Patelco had the protection of intrusion detection systems that were logging tremendous volumes of information about attacks undertaken on its servers, so the problem was not a lack of effort. Rather, it was the ongoing problem of the false-positive alerts that were taking up the time of the IT security staff.

“We wanted a system that was a little smarter and easier,” says John Shields, senior vice president of e-business with Patelco.

After an evaluation of several months, Patelco decided to try the IP360 vulnerability management appliance from nCircle, based on the product’s ability to proactively discover and assess network vulnerabilities and assign ratings. These ratings enable Patelco’s staff to focus on the highest vulnerability priorities, and the false positives have been virtually eliminated.
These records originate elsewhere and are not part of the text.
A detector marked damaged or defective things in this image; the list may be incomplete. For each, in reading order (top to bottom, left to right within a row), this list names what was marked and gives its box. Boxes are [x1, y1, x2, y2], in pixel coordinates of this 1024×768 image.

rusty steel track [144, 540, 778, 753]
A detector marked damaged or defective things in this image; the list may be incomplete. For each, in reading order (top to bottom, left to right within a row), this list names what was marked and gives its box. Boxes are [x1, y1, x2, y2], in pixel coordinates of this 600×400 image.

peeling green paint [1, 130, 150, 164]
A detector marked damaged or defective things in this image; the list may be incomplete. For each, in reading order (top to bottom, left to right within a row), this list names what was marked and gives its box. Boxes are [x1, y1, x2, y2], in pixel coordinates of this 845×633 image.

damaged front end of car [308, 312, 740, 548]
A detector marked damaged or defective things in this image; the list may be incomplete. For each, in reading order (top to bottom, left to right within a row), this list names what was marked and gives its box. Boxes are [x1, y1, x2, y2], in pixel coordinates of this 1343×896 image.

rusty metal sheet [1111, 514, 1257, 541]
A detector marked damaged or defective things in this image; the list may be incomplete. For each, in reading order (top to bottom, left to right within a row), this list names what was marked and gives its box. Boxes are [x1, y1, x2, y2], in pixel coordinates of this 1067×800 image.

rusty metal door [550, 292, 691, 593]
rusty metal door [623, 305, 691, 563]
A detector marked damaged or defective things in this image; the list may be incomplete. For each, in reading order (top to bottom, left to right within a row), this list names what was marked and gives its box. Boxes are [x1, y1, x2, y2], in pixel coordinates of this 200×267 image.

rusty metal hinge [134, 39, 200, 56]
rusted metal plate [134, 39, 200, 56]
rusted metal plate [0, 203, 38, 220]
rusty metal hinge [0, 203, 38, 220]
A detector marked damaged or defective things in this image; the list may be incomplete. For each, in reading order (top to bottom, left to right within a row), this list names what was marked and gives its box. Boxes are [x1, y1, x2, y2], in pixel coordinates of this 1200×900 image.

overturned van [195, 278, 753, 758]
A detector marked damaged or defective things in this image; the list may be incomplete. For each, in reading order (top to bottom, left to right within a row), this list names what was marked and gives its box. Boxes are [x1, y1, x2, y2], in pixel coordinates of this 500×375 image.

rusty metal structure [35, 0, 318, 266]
“We like how the IDS and the scanner work together,” Shields says. “The scanner looks at the network and finds everything we have defined that it should look for. Then it finds the vulnerabilities of each device and based on what that is, you get a score. We use that to guide us in what to fix.”

Patelco was considering hiring a full-time security person just to handle the alerts coming from the IDS, but the IP360 has saved them so much time that they have been able to avoid the new hire. The appliance resides on the network, receives software and vulnerability updates from nCircle automatically, and has had noticeable impact on network traffic.

An attached console is used to bring up activity reports, which are available at high summary levels for executives, and detailed device level for security administrators.

“Most successful attacks are launched against known vulnerabilities,” says Fred Kost, vice president of marketing with nCircle. The IP360 combines a device profiler that finds IP accessible devices on the network and details information about each one, a VnE Manager that aggregates data for analysis, and a threat monitor that watches traffic going to the IP addresses for attacks.

Prices for complete system range from $38,000 to $66,000 based on the number of devices being monitored and threat monitors deployed.